Task instructions ▸
The expected output is exactly the lines below, starting at the line with "ブライダルサロン ｜Lino【堀江】のエステ・リラクイメージ" and ending at the line with "清楚牛皮癣 清除牛皮癣的心得", both included; no other line belongs in it.
Dataset content section start
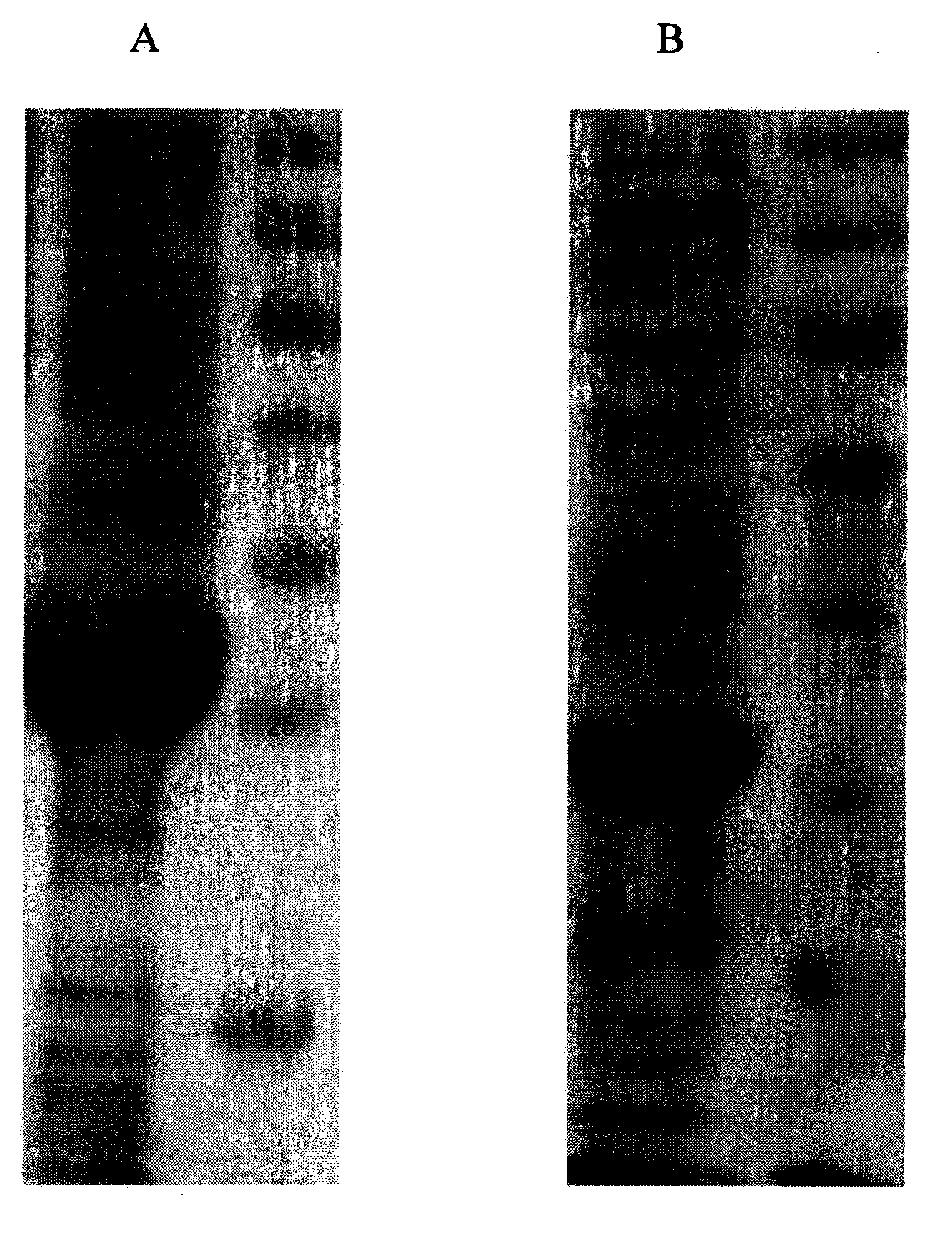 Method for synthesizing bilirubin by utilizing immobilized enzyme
Dataset content section end
Dataset content section start
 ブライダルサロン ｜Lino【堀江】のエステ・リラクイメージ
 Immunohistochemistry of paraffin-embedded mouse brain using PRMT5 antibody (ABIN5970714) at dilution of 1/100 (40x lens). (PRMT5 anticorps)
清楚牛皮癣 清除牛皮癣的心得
Dataset content section end
Dataset content section start
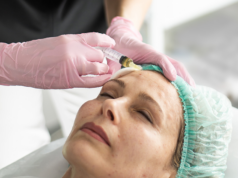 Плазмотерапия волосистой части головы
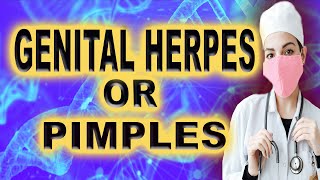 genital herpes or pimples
Dataset content section end
Exercise response ▸
 ブライダルサロン ｜Lino【堀江】のエステ・リラクイメージ
 Immunohistochemistry of paraffin-embedded mouse brain using PRMT5 antibody (ABIN5970714) at dilution of 1/100 (40x lens). (PRMT5 anticorps)
清楚牛皮癣 清除牛皮癣的心得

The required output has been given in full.